Et ces exemples sont nombreux à la fois pour la période romaine et les périodes qui s'en suivirent, particulièrement avec l'avènement des dynasties amazigho-musulmanes. Mais malheureusement, la dilution, les confusions historiques, les interprétations tendancieuses, les points de vue des dominants et les approximations scientifiques ont eu raison de l'important apport des Amazighs à l'histoire, à l'humanité et à l'universalité. Ce qui vérifie encore une fois le principe que l'on n'est bien servi que par soi-même. Mais le pire vient souvent de ceux-là mêmes qui, frappés de cécité historique ou n'observant les choses qu'à travers le prisme déformant d'autrui, se voient dans l'obligation de se renier et de s'habiller à l'étoffe de l'artificialité. Et pourtant, ce complexe de souffrir de ses origines ou ce syndrome de ne pas être soi semble de plus en plus entamé sur pratiquement toute l'étendue nord-africaine, excepté chez certains férus du mythe du rattachement inconditionnel de leurs origines à une tierce contrée.

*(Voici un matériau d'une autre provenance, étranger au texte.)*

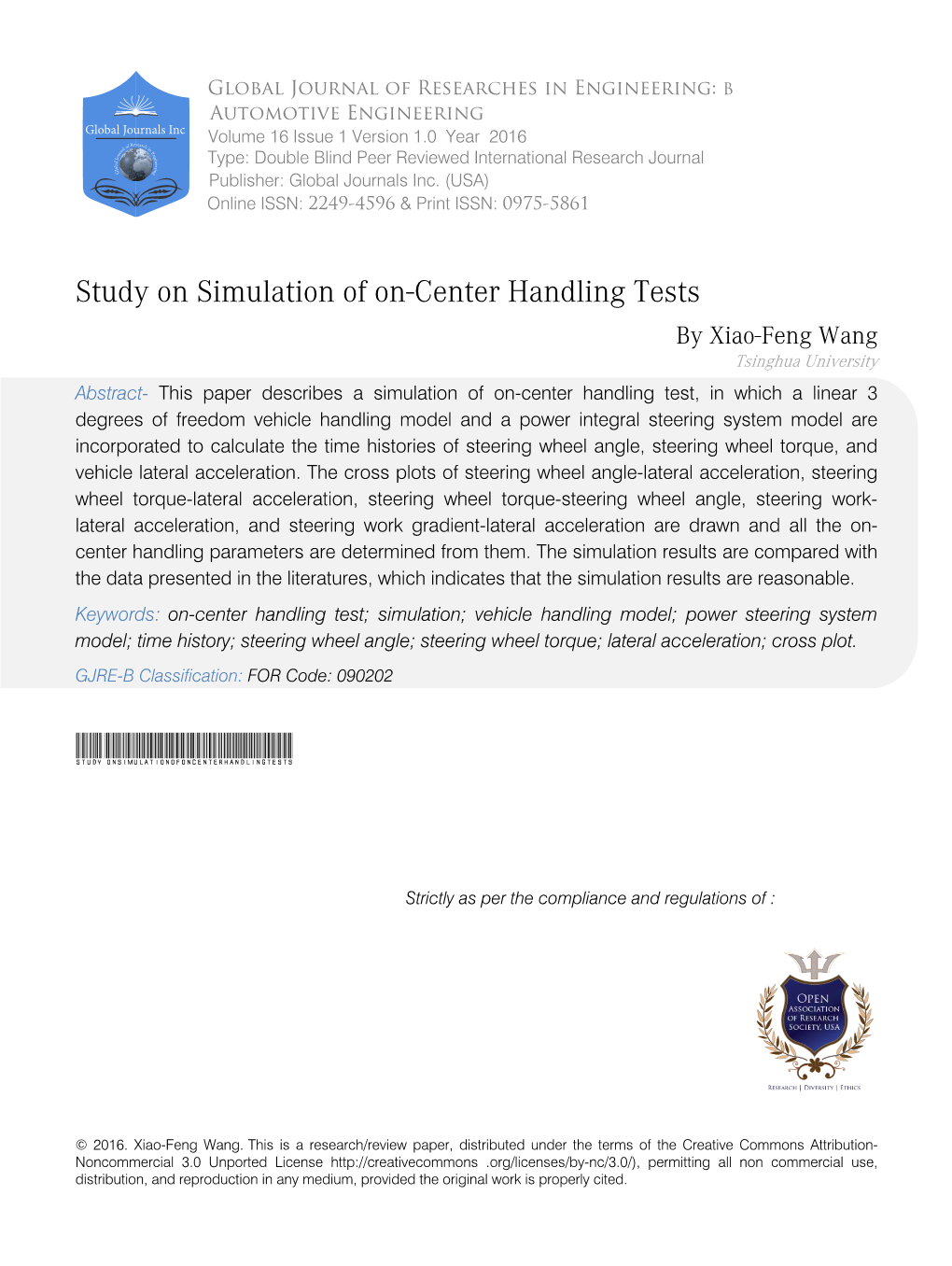 Study on Simulation of On-Center Handling Tests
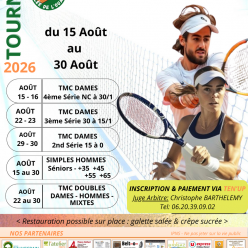 Le tournoi du TCVO se déroulera du 15 au 30 août 2026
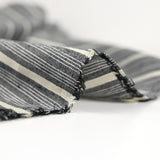 Polyviscose tissé teint rayure écru et noir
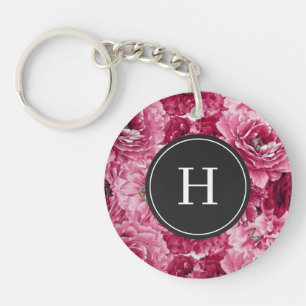 Hot Pink Botanical Peonies Pattern Monogram Key Ring
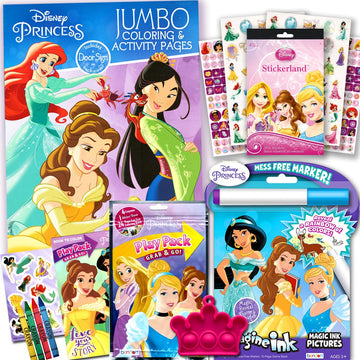 Disney Princess Coloring Book and Sticker Activity Set for Kids - Bundle with Princess Books, Princess Imagine Ink, Stickers, and More - Featuring
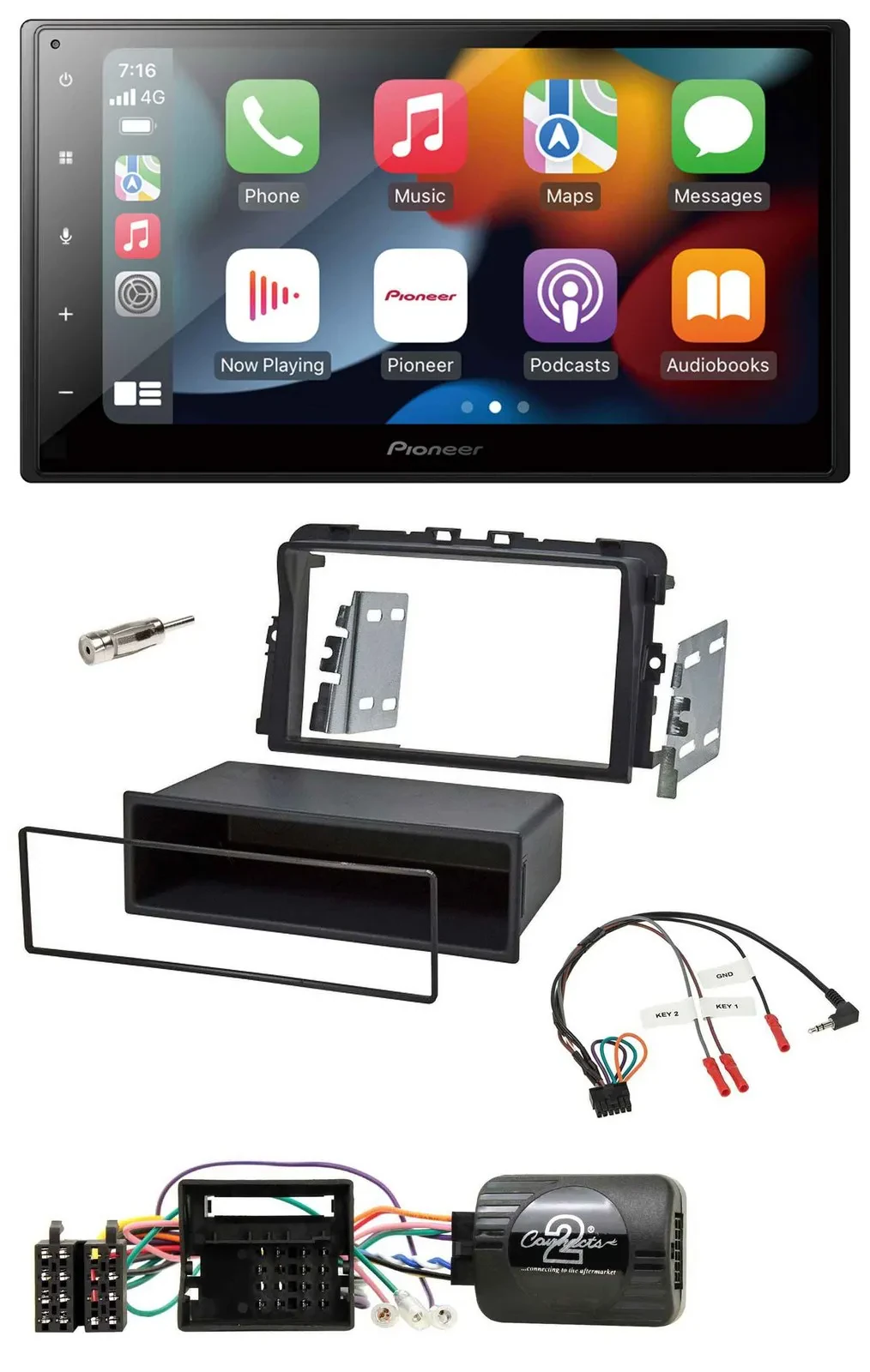 Pioneer DAB Bluetooth 2DIN USB Lenkrad Autoradio für Opel Vivaro 2011-2015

Quand on ne reconnaît pas sa propre histoire et sa propre culture et que l'on s'évertue à aller en chercher d'autres par ailleurs, on ne peut récolter que les effets des dérives que l'on sème à tout vent et que nous encaissons à l'heure actuelle. Sinon pourquoi tant de jeunes gens s'aventureraient à se jeter en mer pour quêter ailleurs ce qui existe chez eux au risque de se faire réduire en moignons par des poissons carnassiers au milieu de cette mer Méditerranée qui était jadis un bassin de brassage des cultures ? Quant à notre ami historien tunisien, il aura plutôt beaucoup à gagner en s'inspirant et en s'abreuvant largement de l'objectivité, la sagesse et la rationalité de ses aînés Mansour Ghaki et M'hamed Hassine Fantar que de s'investir dans des artifices linguistiques fallacieux qui risquent d'embrouiller davantage les jeunes générations que de les éclairer. Enfin, puisqu'il s'agit d'Apulée de Madaure, cette histoire ne va pas sans nous rappeler la célèbre parabole des trois métamorphoses de l'esprit empruntée à l'œuvre philosophique de Nietzsche. Ainsi parlait Zarathoustra : comment l'esprit devient chameau, comment le chameau devient lion et comment, enfin, le lion devient enfant... Le chameau chargé de nos valeurs millénaires a affronté les affres du désert et du néant dans lesquels ont été enlisées des générations entières, pour devenir tout de même lion... Lequel lion lutta âprement pour détruire les colonnes extraverties des châteaux de l'artificialité dont ont été enveloppées ces générations pour créer de nouvelles valeurs et les débarrasser de ce ressentiment de faibles et de résignés pour devenir enfant, symbole du commencement d'une affirmation saine qui ouvrira peut-être les voies porteuses à ce pays qui se cherche encore ! Mais ces générations ont besoin de lumière et de liberté. Comme l'a dit Socrate, plus les hommes seront éclairés, plus ils seront libres. Lumière et liberté sont en effet les vecteurs porteurs de l'intelligence et du développement.
Engeôler des générations innocentes dans l'hermétisme d'une artificialité historique et identitaire sous-tendant une idéologie importée aux antipodes de notre génome sociétal et culturel, c'est détruire à jamais la matrice saine garante de l'avenir d'une nation en formalisation.
I. A. Z.
(*) En traduction littérale et juxtalinéaire : «Voyez ce que fait le vide lorsqu'il prend place dans la connaissance !» En traduction libre : «Méditez ! Qu'adviendra-t-il le jour où l'ignorance s'enracinera dans les espaces du savoir ?» Lounis Aït Menguellet, poète et chanteur.